A frozen desert: The artificial glaciers of Ladakh
Ladakh, ‘the land of high passes’, lies high in the mountains of northern India, resting against the Tibetan border. Although one of the most sparsely populated areas in the states of Jammu and Kashmir, communities have nevertheless made their home in the mountain desert since the dawn of the New Stone Age.
Villages are found at altitudes from 2,700m to 4,000m above sea level, where winter temperatures plummet to more than 30 degrees below freezing. With an annual rain and snowfall of just 100mm, settlements thrive around the glacial streams that feed the Indus and other rivers in the area.
As winter draws to a close, the streams have dwindled to little more than a trickle and farmers must compete for scarce resources to water their newly planted crops. By mid-June, however, the droughts have passed and fast-melting snow and ice once again replenishes the tributaries. After the autumn harvest of crops, farmers no longer rely on the meltwater for irrigation and it flows away into the rivers until the spring drought arrives once again. Sonam Wangchuk, a local mechanical engineer, innovator and educator, has found a novel solution to utilise this excess meltwater and end the seasonal water shortages.
Taking their name from traditional Buddhist sculptures, Ice Stupas are a simple technique of capturing and freezing water in winter that would otherwise pass by, unused. By freezing water into vertical towers, farmers can delay the melting process until springtime, when the water is needed the most.
Building an artificial glacier
The residents of Ladakh are no strangers to the concept of artificial glaciers. In years past, their ancestors would cultivate glaciers in freezing caves, storing them to water their crops throughout the spring. This method, however, relied on very high altitudes paired with north facing valleys to shade the ice from the springtime sun; not to mention the constant attention required to prevent the ice from melting.
By comparison, the Ice Stupa artificial glaciers are much lower maintenance and are surprisingly low-tech. Drawing meltwater from higher in the mountains, Wangchuk harnesses the power of gravity to spray water skywards, removing the need for complicated electric pumps. As the spray freezes in the cold, Ladakhi night air, it falls to the ground, forming conical structures of ice.
As the cones grow vertically upwards, rather than horizontally like natural glaciers, they expose less surface area to the sun, preserving the ice for longer. The melting ice can then be collected and used to irrigate crops during periods of drought, tiding farmers over until the summer sun melts the natural glaciers above.
Testing the water
During the winter of 2013-2014, the villagers of Phyang in Ladakh joined with students at SECMOL and monks from the Phyang monastery to dig a network of canals. Over several months they buried water pipes that would feed the ice mountain, and by January, the team had built an Ice Stupa almost 7m tall.

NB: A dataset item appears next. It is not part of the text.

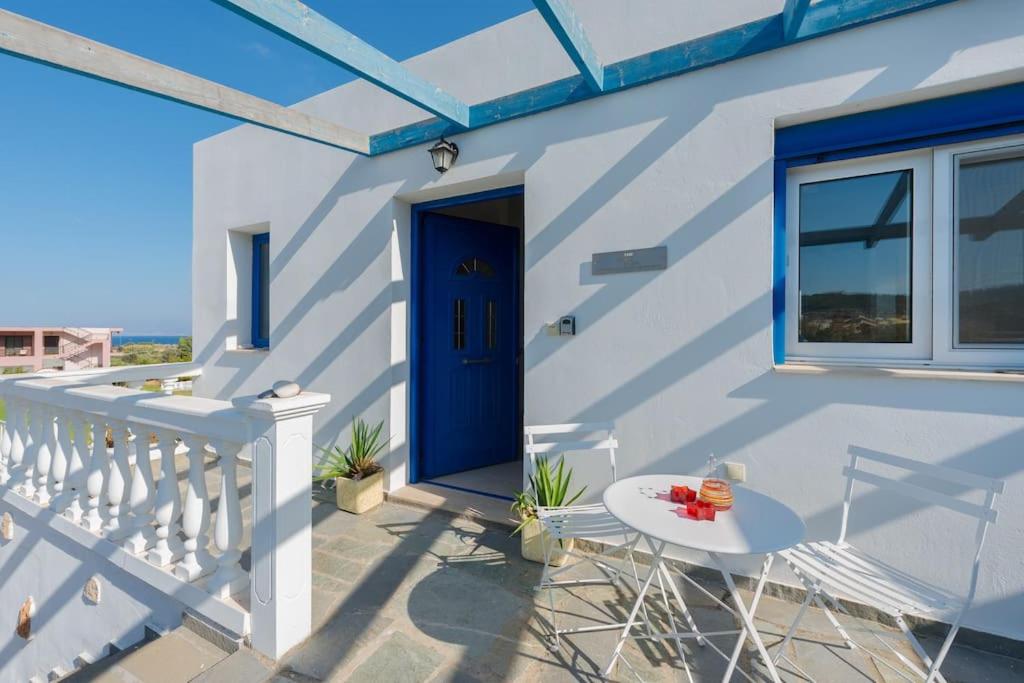 una casa blanca con una puerta azul y una mesa en The Citrus House, en Kalavárda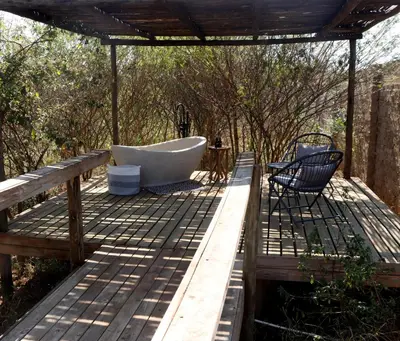 a deck with a tub and a chair on it at Makonde river lodge in Makonde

To test their idea to the fullest, the team picked a spot low on the mountain and in direct sunlight, purposefully choosing the warmest area in the Leh valley. The original Ice Stupa took around a month to grow to 7m tall and was fed by a supply pipe some 15m above the ice cone.
As spring broke, Wangchuk suggested his experiment would be a success if the ice lasted until the start of May. By the time the 1 May 2014 arrived, the Stupa still towered over villagers at 3m tall, continuing to provide water to the valley’s crops. In fact, the Stupa remained standing for a further three weeks as the sun gained in strength, demonstrating that bigger ice cones situated higher up in the mountains could provide water to local villages until well into the summer months.
A second prototype structure was built the following year, and as predicted, watered a forest of trees through the driest months until the start of July. Wangchuk plans to extend the project to create dozens of Ice Stupas and plant over 150,000 trees in the Phyang desert.
In winter of 2016, Sonam Wangchuk and the Ice Stupa project were announced as the winners of the Rolex Awards for Enterprise, receiving a grant to build 20 more glaciers and provide fresh water to sustain crops and livestock year round.